🤖 AI Summary
This work addresses the limitations of existing end-to-end automatic parking methods, which often neglect explicit modeling of vehicle motion states, resulting in physically implausible trajectories and non-human-like behavior—particularly at gear-shift points during multi-stage parking maneuvers. To overcome this, we propose a dual-branch end-to-end architecture that jointly predicts continuous spatial trajectories and discrete motion state sequences (e.g., forward/reverse), thereby introducing explicit motion state modeling into end-to-end parking for the first time. Additionally, we incorporate a Fourier feature-based representation of parking slots, which transcends the resolution constraints of conventional bird’s-eye-view (BEV) representations and enhances target interaction accuracy. Experiments on the CARLA simulation platform demonstrate that our approach generates more robust and human-like trajectories in complex multi-stage parking scenarios, significantly improving gear-shift point localization accuracy. We also release a dedicated parking dataset to support future research.
📝 Abstract
Autonomous parking fundamentally differs from on-road driving due to its frequent direction changes and complex maneuvering requirements.
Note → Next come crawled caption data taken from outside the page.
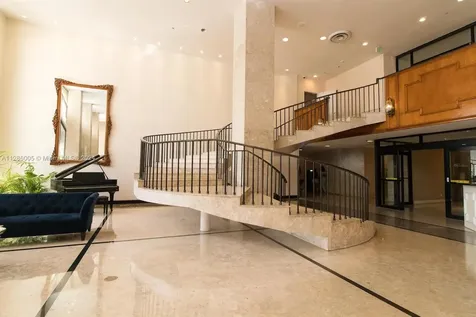 5601 Collins Avenue Miami Beach FL 33140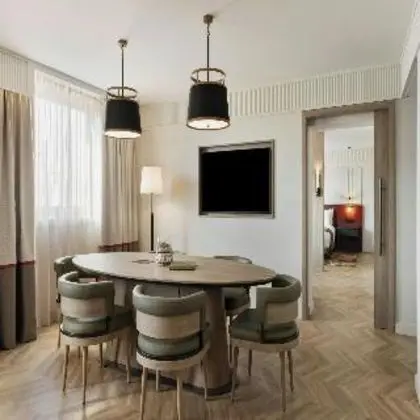 SUITE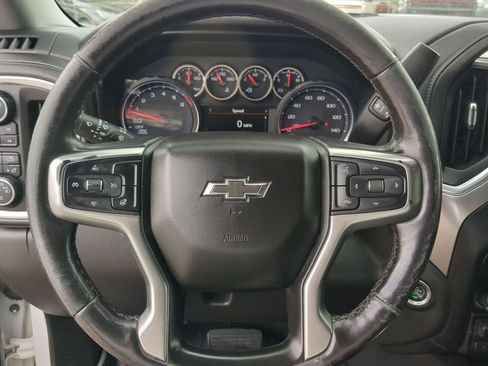 Used 2021 Chevrolet Silverado 1500 LT Trail Boss w/ Convenience Package II image 13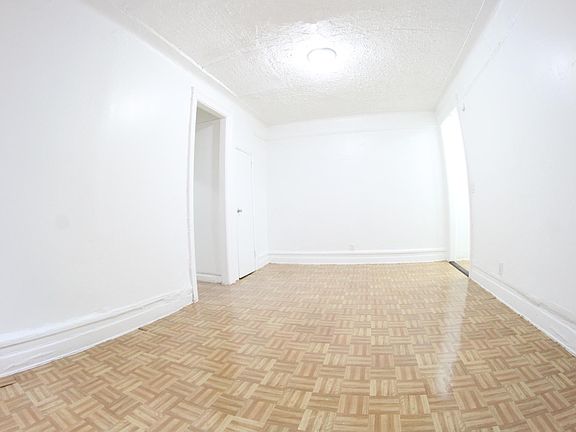 2nd image of 2600 Creston Ave #3H-2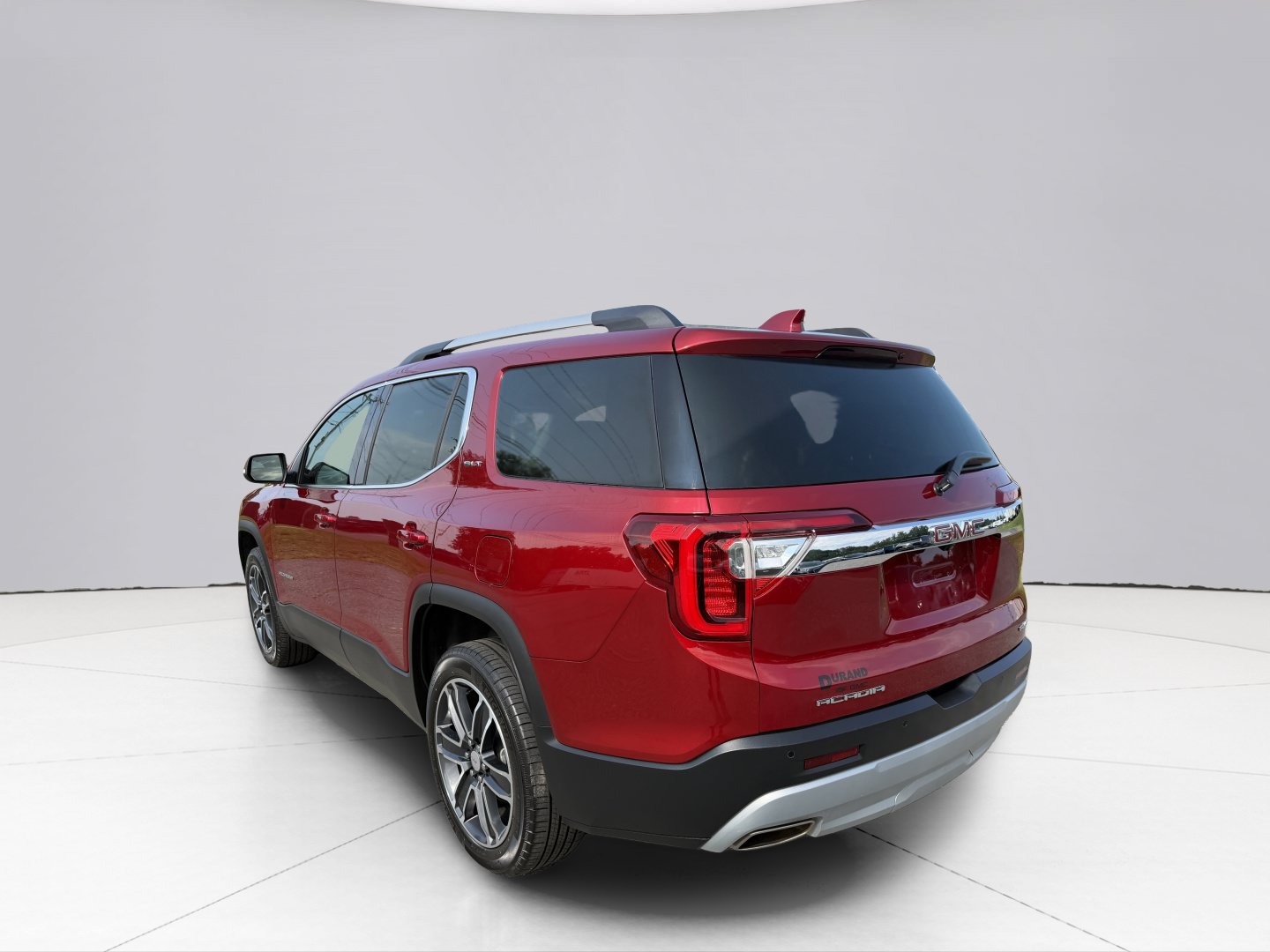 Used 2023 GMC Acadia SLT w/ Preferred Package AWD/4WD image 5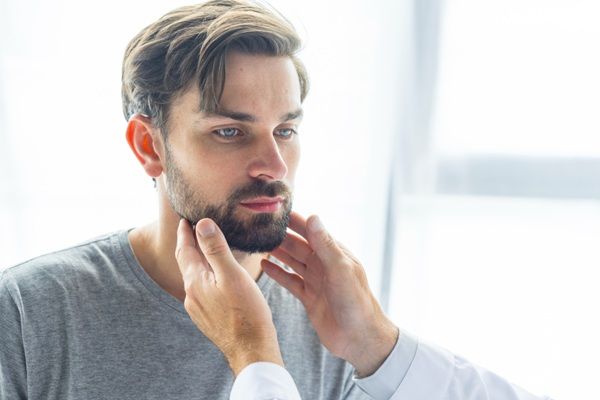Bótox Barcelona - Médico estético evaluando el rostro de un paciente para determinar el precio bótox Barcelona en el tratamiento de rejuvenecimiento facial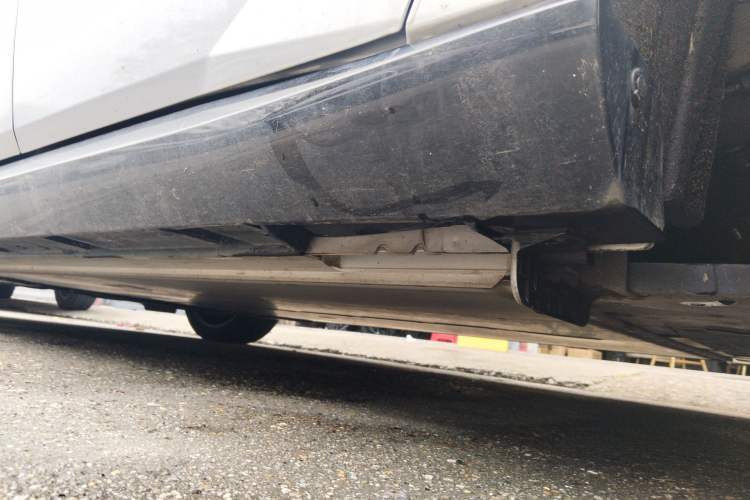 Used Nissan N7 2025 625 Max Left Side Sill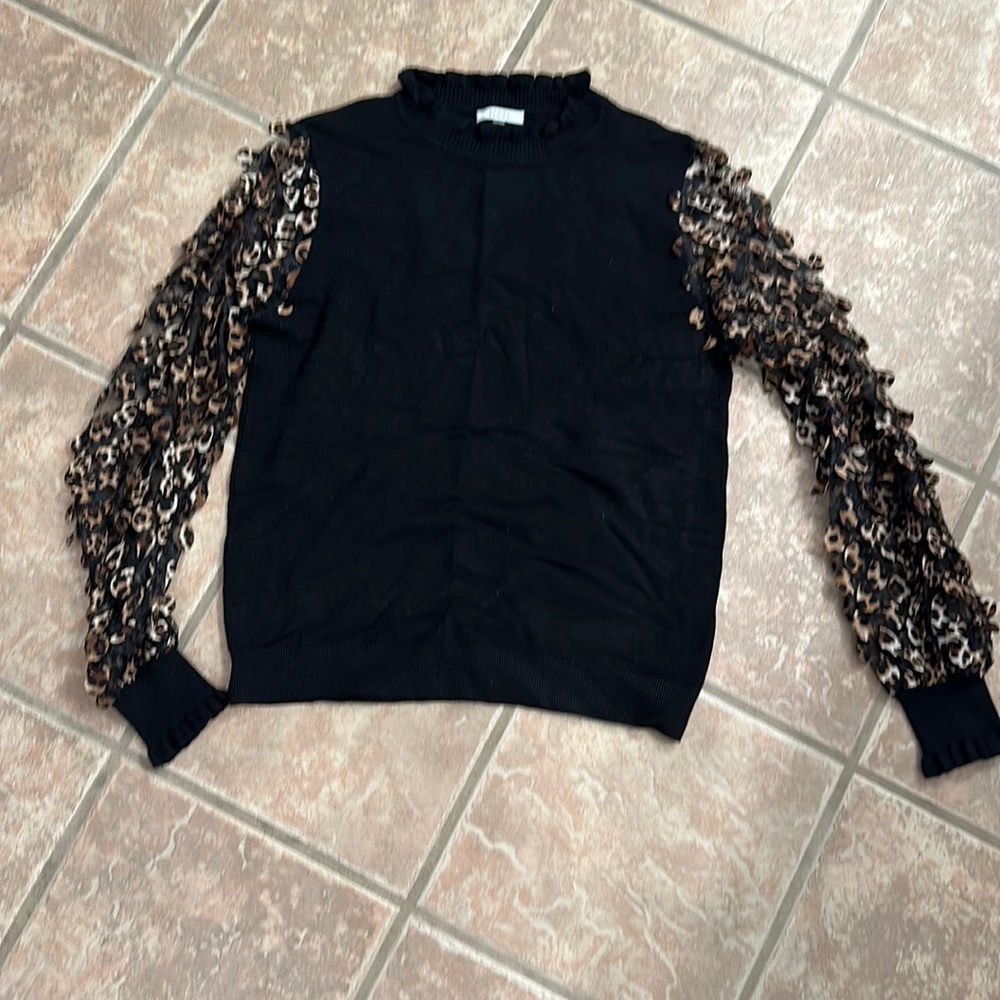Sioni Black and Leopard Print Top
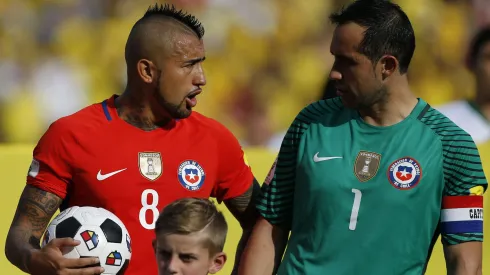 Arturo Vidal no duda con Claudio Bravo.
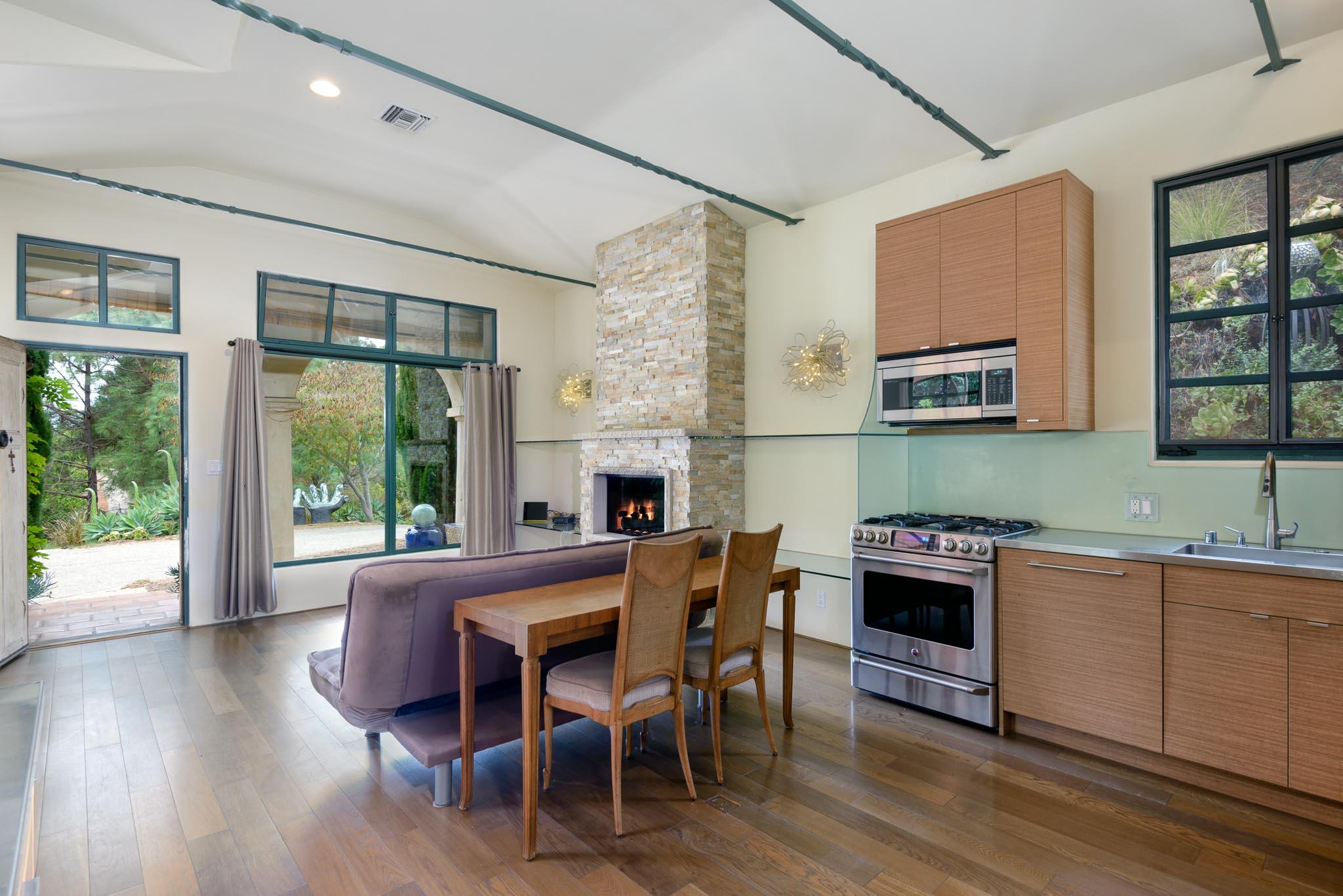 1581 San Roque Road Santa Barbara, CA 93105 - Photo 9 of 45 Living/Kitchen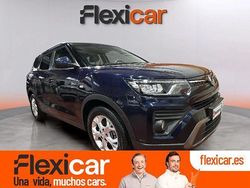 Azul Usado 2023 Ssangyong (KGM) Tivoli SUV | 18.880 € (Caro)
However, existing End-to-End (E2E) planning methods often simplify the parking task into a geometric path regression problem, neglecting explicit modeling of the vehicle's kinematic state. This "dimensionality deficiency" easily leads to physically infeasible trajectories and deviates from real human driving behavior, particularly at critical gear-shift points in multi-shot parking scenarios. In this paper, we propose SunnyParking, a novel dual-branch E2E architecture that achieves motion state awareness by jointly predicting spatial trajectories and discrete motion state sequences (e.g., forward/reverse). Additionally, we introduce a Fourier feature-based representation of target parking slots to overcome the resolution limitations of traditional bird's-eye view (BEV) approaches, enabling high-precision target interactions. Experimental results demonstrate that our framework generates more robust and human-like trajectories in complex multi-shot parking scenarios, while significantly improving gear-shift point localization accuracy compared to state-of-the-art methods. We open-source a new parking dataset of the CARLA simulator, specifically designed to evaluate full prediction capabilities under complex maneuvers.